Un été en musique : Sédières

La Blogothèque avait annoncé le festival de Sédières, qui a lieu dans la grange et les communs du beau château du même nom, en pleine forêt. Je m’y suis rendu pour un soir, afin d’assister au retour d’un de mes groupes préférés, The Wedding Present, et revoir les toujours impeccables The National. Je ne m’étendrai pas sur le début de soirée, qui comprenait des locaux et deux groupes français, Las Ondas Marteles et Bumcello, parce que ce fut assez dur à supporter. On passa donc le temps à manger des merguez qu’un homme seul et suant fit griller pendant quatre heures consécutives. Passons aussi sur la révélation hollandaise de l’année, Alamo Race Track, qui malgré quelques chansons pas mal troussées, s’apparente plus à un sous-dEUS, un sous-Interpol, un sous-Jon Spencer etc...

Enfin arriva The National sur la scène de la grange, et tout de suite on ne regretta pas le chemin fait pour arriver jusque-là. Un son parfait, un chanteur en ébullition, une énergie brute parfois, tout en retenue à d’autres moments, leur set toucha parfois au sublime, comme sur Mr November, Murder Me Rachel ou Abel. Quand tout va bien, The National est un groupe habité par une puissance rare qui devrait les emmener bientôt dans les plus grandes scènes du monde. Nul doute que leur tournée US cet automne avec Clap Your Hands Say Yeah ! sera triomphale.

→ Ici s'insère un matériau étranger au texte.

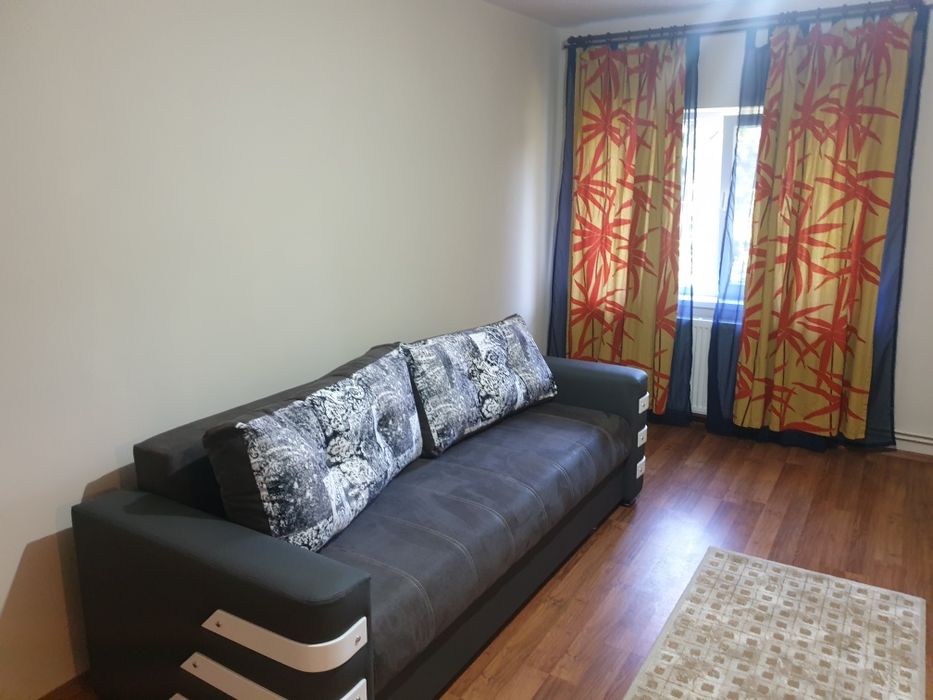 Garsoniera decomandata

Lorsqu’il conclut le concert, le chanteur Matt Berninger annonce qu’il laisse la place à un de ses groupes préférés de tous les temps, The Wedding Present. De fait, dès que David Gedge et sa bande arrivent sur scène, il se met à s’agiter, en fan de base, au premier rang, hélas bien dégarni. The Wedding Present commence par Interstate 5, la magnifique ouverture du dernier album, Take Fountain, et enchaîne ensuite les chansons pop-punk à toute allure, comme aux plus beaux jours. De Kennedy à ®Once More, de Dalliance à la fin magnifique, également issue de leur chef d’œuvre Seamonsters, Stay, pas une minute de répit. Il se dégage de ce groupe une foi éternelle dans la musique pop mélodique et d’un lyrisme dépourvu de toute guimauve qui fait plaisir à voir. Le son est sec et les mélodies sont nerveuses, c’est un bel hymne à la simplicité, à l’amour des guitares sans solos encombrants. Le concert passe vite, et comme le rappelle Gedge en français dans le texte "nous ne faisons jamais de rappel". Adieu donc Sédières, et merci de nous avoir permis de voir deux concerts de cette qualité. D’autant que les autres jours étaient aussi au programme Devendra Banhart Elysian Fields ou Jean-Louis Murat par exemple. Comme quoi il est possible de voir autre chose que du théâtre de rue ou du ska en été en France.

Prochaine étape : La route du rock

le 7 septembre 2005 par
commentaires •

> Un t en musique : Sdires

C’est vrai que c’était une belle soirée, dans un endroit charmant.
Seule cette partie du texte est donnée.